Sun. Jul 14th, 2024

The 2 best dividend stocks to buy in 2024

By Vaseline May27,2024

Understanding candles in the stock market chart

As we approach a period of economic uncertainty, investors should look to dividend stocks to protect themselves from the harsh realities of the financial market. Dividend stocks are a good option because they provide regular income and a safety net regardless of the market cycle. Of course, this doesn’t mean they are risk-free, but if you want to protect yourself from volatility, they are the best choice.

  • The current economic uncertainty means investors need to make smarter moves in the market, and investing in dividend stocks is undoubtedly a smart move.

  • Coca-Cola is the world’s largest manufacturer of non-alcoholic beverages and a proven dividend stock in the most turbulent markets.

  • Verizon, the telecom giant, is a no-brainer when it comes to dividend stocks. The company has been paying dividends for 17 years in a row and offers numbers that are too attractive to ignore.

The opportunity to receive annual dividend payments based on stock ownership should not be missed, especially during times of economic uncertainty and inflation. Financial analyst at, Joel Lim, has identified two dividend stocks that could provide the kind of certainty investors need during this time. This is why you should buy Coca-Cola and Verizon ASAP.


Coca-Cola, probably the most popular soft drink company in the world, is largely considered a safe dividend stock because it offers the lowest level of risk and the highest return on investment. Coca-Cola has offered annual dividend payments for the past sixty years and the dividend yield is $3.06 per share.

Furthermore, its market cap stands at $269 billion, an impressive number any way you look at it.
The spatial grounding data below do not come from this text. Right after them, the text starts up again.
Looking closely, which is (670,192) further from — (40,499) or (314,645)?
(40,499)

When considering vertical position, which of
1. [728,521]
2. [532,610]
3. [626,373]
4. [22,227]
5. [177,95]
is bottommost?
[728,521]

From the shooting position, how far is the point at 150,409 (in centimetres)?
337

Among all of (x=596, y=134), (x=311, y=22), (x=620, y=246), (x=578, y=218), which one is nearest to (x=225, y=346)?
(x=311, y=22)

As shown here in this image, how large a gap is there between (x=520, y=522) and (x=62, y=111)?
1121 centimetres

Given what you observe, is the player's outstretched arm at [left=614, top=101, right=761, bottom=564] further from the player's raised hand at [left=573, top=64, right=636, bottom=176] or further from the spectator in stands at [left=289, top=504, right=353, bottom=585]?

Not only has the company stood the test of time, the quarterly and annual figures are also favorable. A combination of all these factors is why Coca-Cola is considered the dividend king in the financial market.
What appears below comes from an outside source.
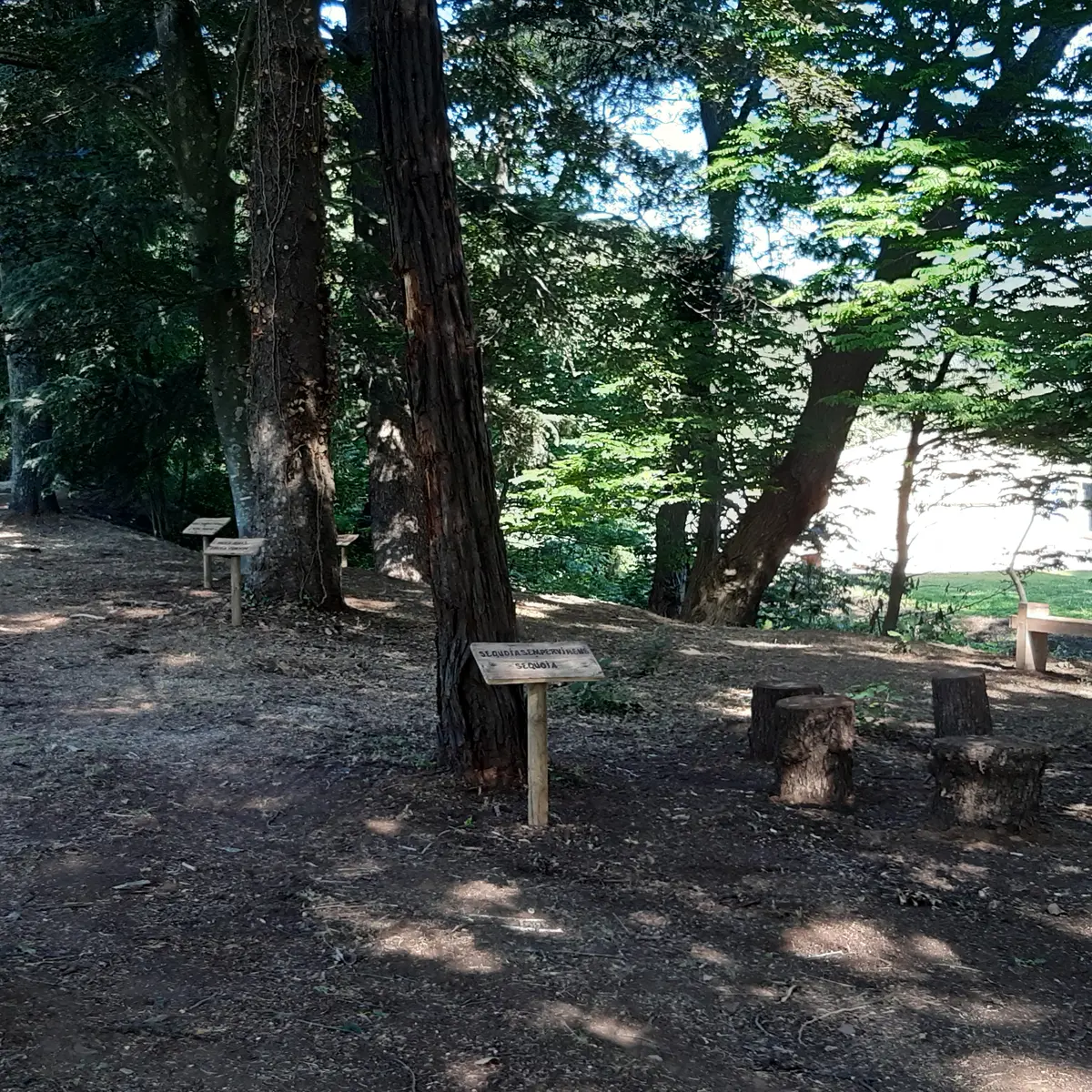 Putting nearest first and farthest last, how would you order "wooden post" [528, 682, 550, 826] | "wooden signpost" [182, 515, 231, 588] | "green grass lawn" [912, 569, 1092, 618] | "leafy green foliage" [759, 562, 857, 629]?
"wooden post" [528, 682, 550, 826]
"wooden signpost" [182, 515, 231, 588]
"leafy green foliage" [759, 562, 857, 629]
"green grass lawn" [912, 569, 1092, 618]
Joel Lim notes: “Coca-Cola is a great option for investors looking for dividend stocks at the low end of the risk meter. It has set a good precedent by paying dividends for the past sixty years and would be an excellent addition to any investor’s portfolio.”


Another consistent and popular player in the dividend stock landscape is Verizon. Verizon, known for its dominance in the US telecommunications sector, recently posted impressive numbers and has been paying dividends for 17 years.

For example, Verizon offers an impressive dividend yield of 6.74% with a growth rate of 2.30% over the past ten years. It is one of the few stocks that has stood the test of time in the market. Verizon survived the 2008 financial crisis and has maintained a high return rate since then.

Joel Lim notes: “Verizon’s high numbers and resilience in the market make it an ideal option for investors looking for dividend stocks. With a dividend payout ratio of 58%, it emerges as a safe long-term investment option for investors in the financial market.”